Frequently Asked Questions
What outlier thresholding method should I use
Since there are many methods to choose from, when selecting an outlier
thresholding method it is important to note: what type of data you are
working with, the selected outlier detection method, and the resultant
distribution of the outlier detection likelihood scores. The last
mentioned factor is of particular importance as it is the only
information that is directly provided to the thresholding method. A good
rule of thumb is to use the best benchmarked methods. However, these
methods may not necessarily be the best choice. Another option is to
combine multiple methods using the COMB thresholder. These options
should provide a general, if not best threshold, for the dataset, but at
the least give a good initial point for further investigation. Another
best practice is to use a thresholding method that is similar to the
outlier detection method. This may ensure a increased compatibility
between the two methods providing better results. A simple example of
this is using the PCA outlier detection method followed by the
DECOMP thersholder. However, this in general works but is not always
the case. Finally, the distribution of the outlier detection likelihood
scores can be the most helpful for selecting the best thresholding
method. Understanding the profile and complexity of of the distribution
is an important factor (e.g. is the distribution Gaussian-like?). The
API reference page has added notes on most thresholding methods and can
be very helpful with matching them with the distributions of the
likelihood scores.
Remember these are unsupervised methods, and sometimes interpretability may be more important than the best result. Hence, the range of level in complexity and variety between all the available thresholding methods. Another factor to consider is whether the importance is to get all the outliers, our rather get the best balance between missing outliers while removing the least amount of inliers.
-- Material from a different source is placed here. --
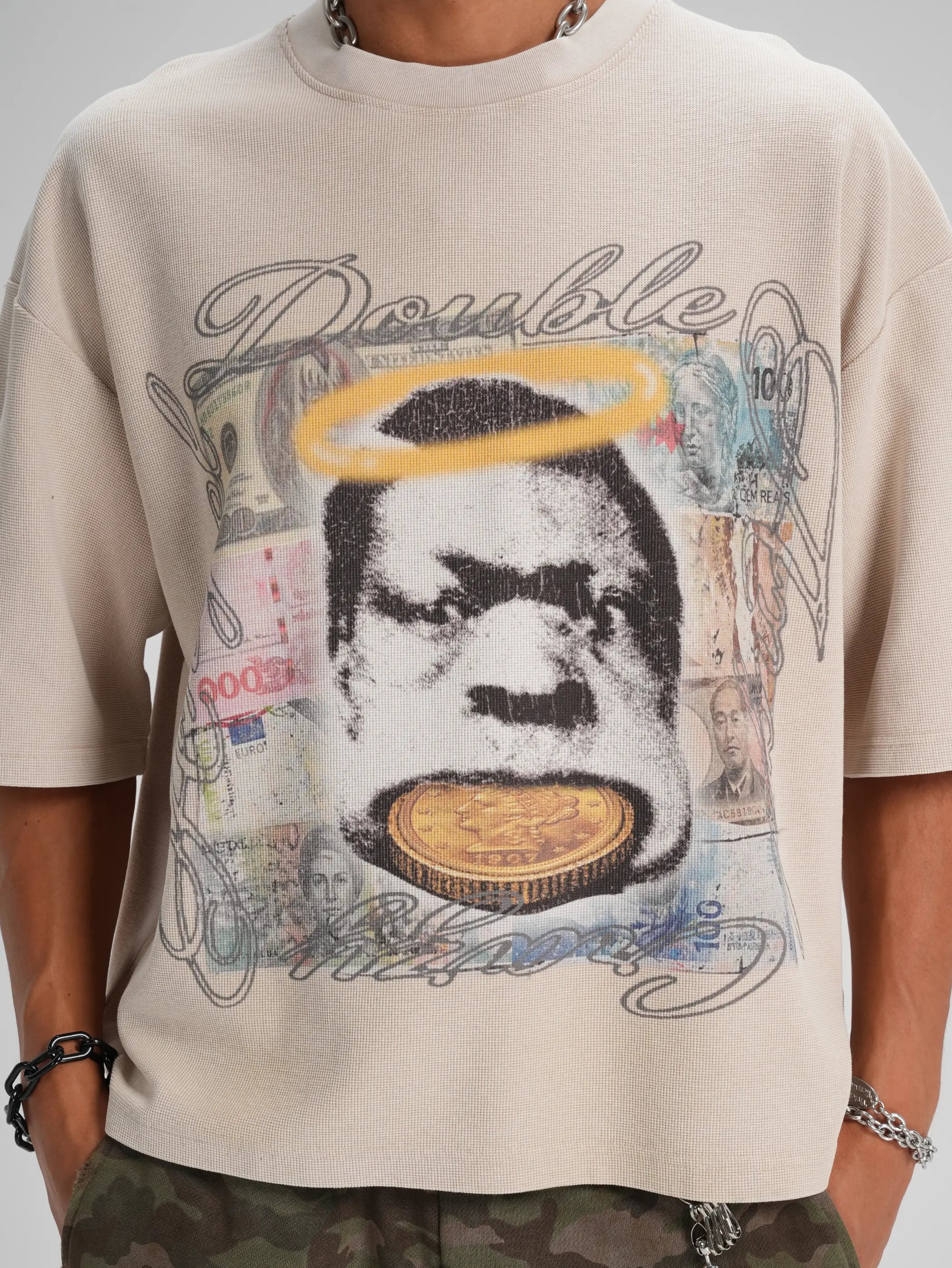 Currency Vintage Waffle Boxy Tee-557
Why are inliers and outliers incorrectly labeled even when the correct contamination level is applied
Most thresholding methods follow the assumption that the higher a
likelihood score is, the more likely it is to be an outlier. Therefore,
if the outlier detection method incorrectly gives a high/low score to
the wrong class, this misclassification will be carried over to the
thresholding method. This makes selecting the best outlier detection
method even more important than the thresholding method. With that being
said, the META thresholder was explicitly constructed to provide the
best possible threshold given the use of any outlier detection method.
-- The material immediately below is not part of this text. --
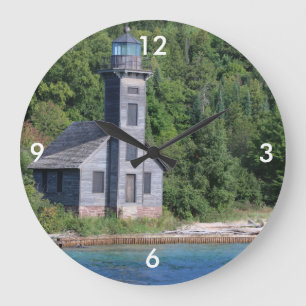 Square Wall Clock/Lighthouse Große Wanduhr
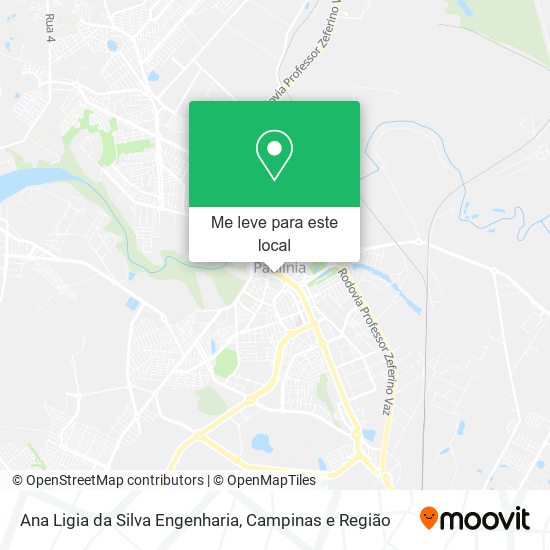 Ana Ligia da Silva Engenharia mapa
But even so, there are obvious limitations to this.
How do I accurately threshold outliers from a test dataset with respect to a training dataset
So there are a few ways to threshold test data with respect to the
training dataset. A good method involves the outlier likelihood scores
of the test data being computed with regards to the training data. This
can be done with many of the outlier methods (e.g. using the
decision_function function of a fitted PyOD model). It is important
to note that not all outlier detection methods genuinely implement this
functionality correctly so best to check. The threshold method can be
fitted on the training data set and applied to any new data’s computed
outlier likelihood scores using the predict function.
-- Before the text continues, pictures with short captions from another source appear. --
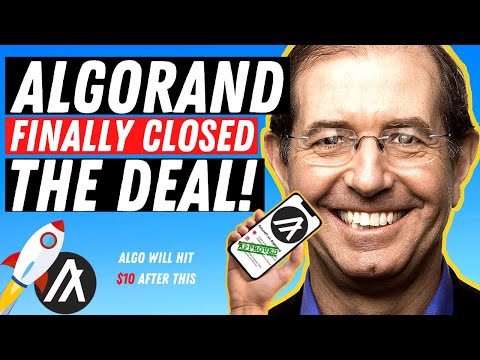🚨ALGORAND 🚨THESE ANNOUNCEMENTS ARE HUGE FOR ALGORAND (ALGO COIN CRYPTO)!!!
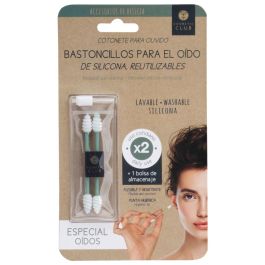 Cosmetic Club Juego de 2 Bastoncillos de Oído Reutilizables de Silicona para Uso Cotidiano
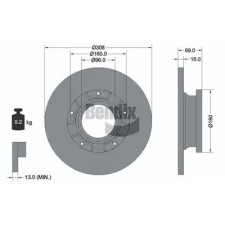 BENDIX Braking féktárcsa BDS1561 autóalkatrész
How can I visualize the results
There are a few ways to visualize the labeled classes. One method
involves applying a 2D or 3D PCA transformation to the dataset and
scatter plotting the transformed variables while setting the colors to
the binary label output of the thresholder. Please note that a PCA
transformation will introduce its own bias of the dataset when
visualizing the results and sometimes it may look like the outlier
detection and thresholding have not worked well at all (this is
especially true for data that has a high non-linear relationship between
the classes). In this case perhaps a non-linear or more robust
decomposition method should be used for visualizing the results. Another
way to visualize the labeled classes is to generate a kernel density
estimation of the outlier likelihood scores and plot a vertical line on
the threshold point. This point can be obtained using the thresh_
attribute after evaluating the likelihood scores.
Can thresholders do multiclass thresholding
The short answer is kind of. PyThresh thresholding involves only
binary classification. However, if you wish for some reason to have
multiclass outlier classification (e.g. inliers, uncertains, outliers),
then the CONF utility available in pthresh.utils.conf can be
used to return the indeces of datapoints that fall within the confidence
bounds of uncetrainty for a selected confidence level.
Contributing
Anyone is welcome to contribute to PyThresh:
Please share your ideas and ask questions by opening an issue.
To contribute, first check the Issue list for the “help wanted” tag and comment on the one that you are interested in. The issue will then be assigned to you.
If the bug, feature, or documentation change is novel (not in the Issue list), you can either log a new issue or create a pull request for the new changes.
To start, fork the main branch and add your improvement/modification/fix.
To make sure the code has the same style and standard, please refer to qmcd.py for example.
Create a pull request to the main branch and follow the pull request template PR template
Please make sure that all code changes are accompanied with proper new/updated test functions. Automatic tests will be triggered. Before the pull request can be merged, make sure that all the tests pass.